Suruç (Pirsus) katliamının ardından büyük bir hızla savaş düzenine geçilmesi ve IŞİD’e yönelik operasyon iddiasıyla Kürdistan ve Türkiye’nin dört bir yanında devrimcilere, sosyalistlere ve yurtseverlere dönük gözaltı ve tutuklama saldırısı başlatılması da aynı konseptin ürünüdür. Kürdistan’daki gözaltı ve tutuklama saldırıları özyönetim ilanlarının ardından siyasi soykırım düzeyine ulaştı. Bütün bunlara sokak ve ev infazları eşlik etti.
Katliamın ardından PKK’nin Medya Savunma Alanları bombalanarak savaşın tırmandırılacağı tüm dünyaya ilan edilmiş oldu. Dahası bölgemiz adeta katliamlar gerçeğine alıştırılmaya çalışılıyor. Zergele’de gerçekleştirilen katliamı Kürdistan’da çocukların ve gençlerin katledilişi izliyor.
7 Haziran seçimlerinde başkanlık hayalini gerçekleştiremeyen Erdoğan, saray darbesiyle tüm ipleri elinde toplayarak diktatörlüğünü tesis etmeye çalışıyor.
Türkiye ve Kürdistan’da halklarımız devlet terörünü birleşik halk direnişiyle yanıtlıyor. Kürdistan’da özyönetim ilanıyla demokratik bir direniş sergileniyor. Devletin ezme hamleleriyle karşılaşan özyönetim çalışmalarında yer almak, Kürdistan’da örgütlü oldukları tüm alanlarda sosyalist yurtseverlerin görevidir. Batı’da ise, illerde, ilçelerde, köylerde, mahallelerde halk meclisleri formunda halkın siyasi inisiyatifinin doğrudan biçimleri yaratılabilir.
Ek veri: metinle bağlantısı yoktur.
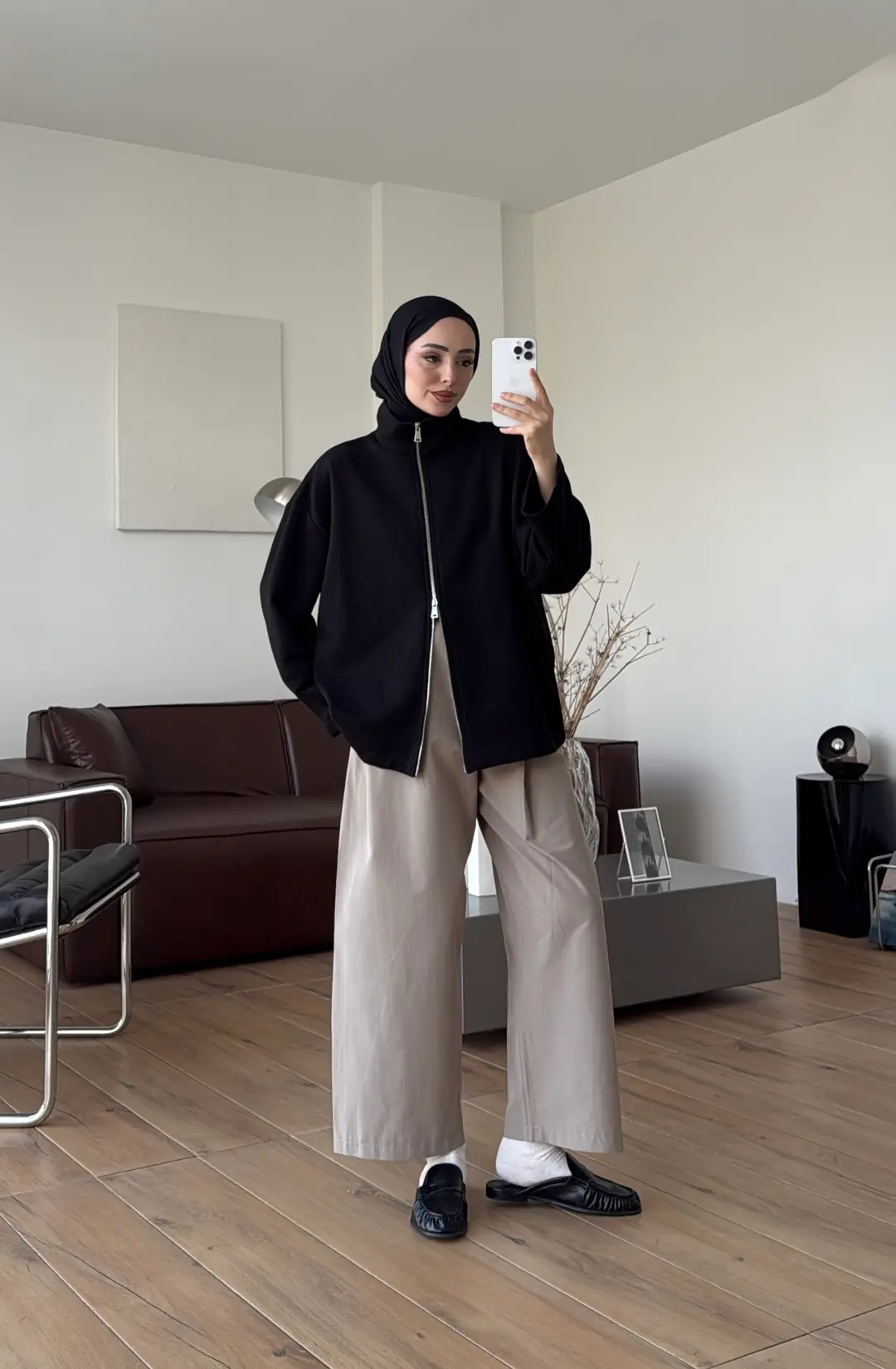 Çift Fermuarlı Sweat Siyah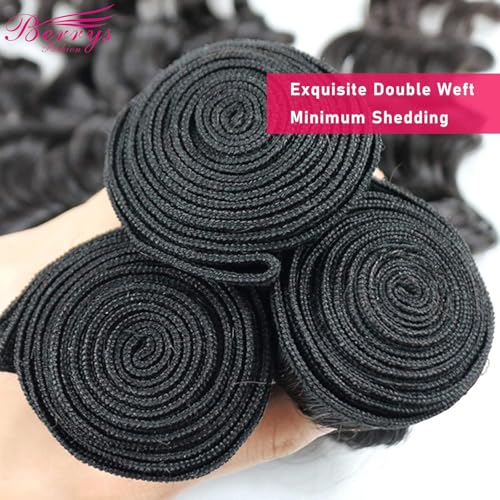 Human Hair Bundles, 9A Brazilian Virgin Human Hair for Black Women, Body Wave Straight, Double Weft, Natural Black, 1 Bundle / 3 Bundles 10 12 14 16 18 20 22 24 26 28 inch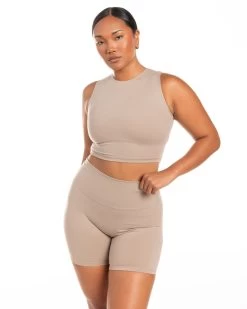 Elite Eleven Aura Boxy Tank - Vintage Khaki -Fit Style Shop BIGECOMDAYOCT49095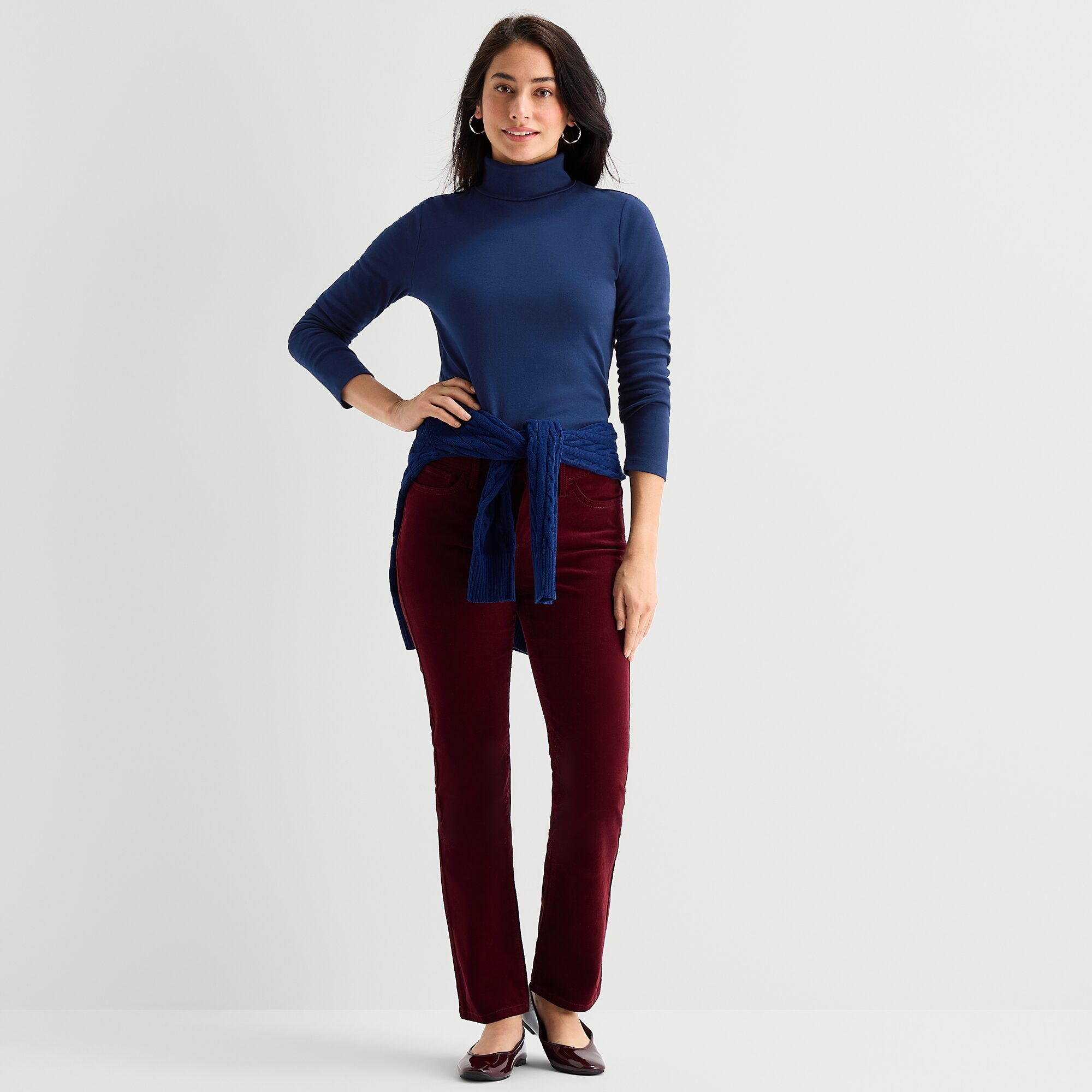St. John's Bay Womens Tall Turtleneck Long Sleeve T-Shirt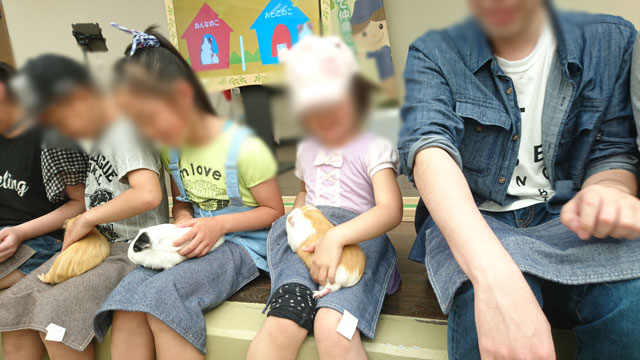 千葉動物公園ふれあい広場でモルモットを抱っこ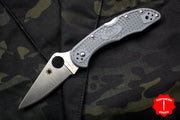 Spyderco Delica Gray Handle VG-10 Satin Flat Ground Lockback Knife C11FPGY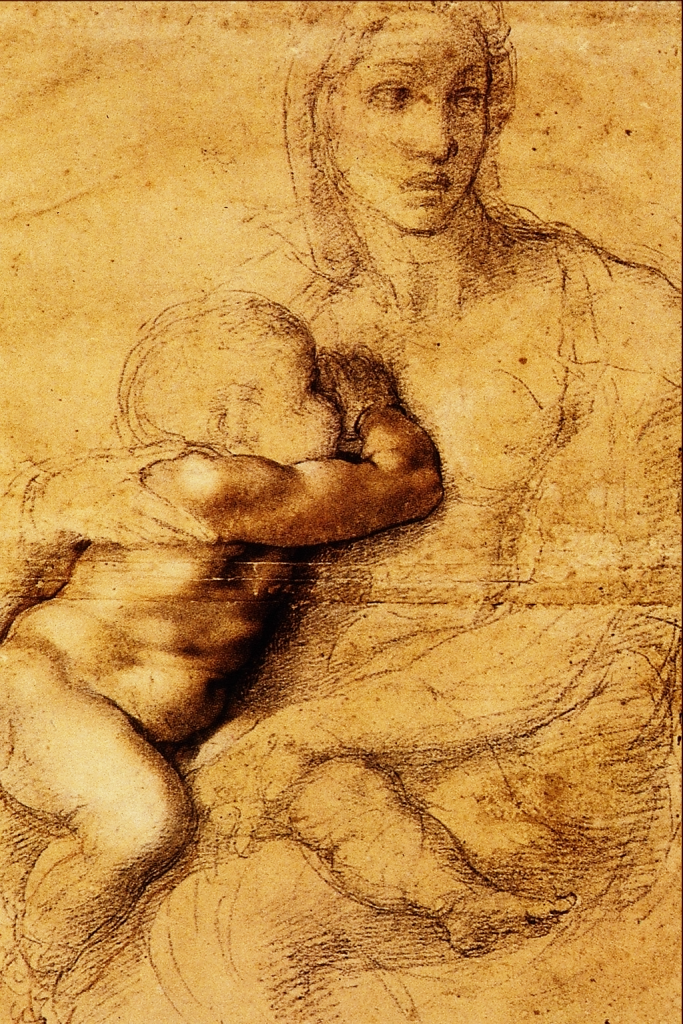 Michelangelo Buonarroti - Madonna Con Il Bambino Data 1525 circa Tecnica Matita nera, matita rossa, biacca e inchiostro su carta Dimensioni 54,1 cm × 39,6 cm, casa Buonarroti, Firenze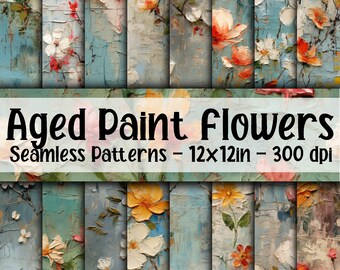 Aged Oil Paint Flowers SEAMLESS Patterns - Old Flowers Digital Paper - 16 Designs - 12x12in - Commercial Use - Oil Paint Florals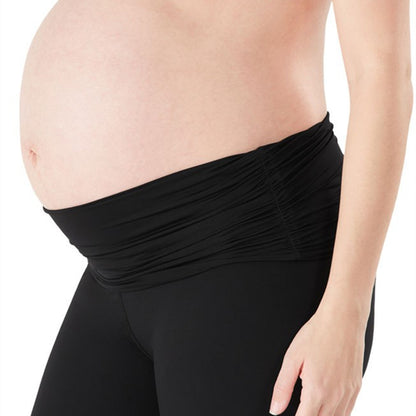 Women's Maternity Leggings – Soft Cotton Fold-Over Waist, Sizes S–2XL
Gezi Komünü, Hopa Halk İnisiyatifi gibi deneyler özyönetimin Batı’da hangi devrimci yoldan gelişebileceğini gösteren parlak örneklerdendir.
Saray darbesi, 7 Haziran seçim zaferinden ve Kürt halkının özyönetim ilanından intikam alma yolundan yürüyor. Savaş tırmandırılarak HDP’nin seçim zaferiyle oluşan atmosfer dağıtılmaya, silahların gölgesindeki bir seçimle AKP’nin tek başına iktidar olabilmesinin koşulları hazırlanmaya çalışılıyor. 81 ilin valilerine gönderilen genelge de bu kapsamda ele alınmalıdır. Her şey Erdoğan’ın başkanlığının önünü açmaya göre düzenleniyor.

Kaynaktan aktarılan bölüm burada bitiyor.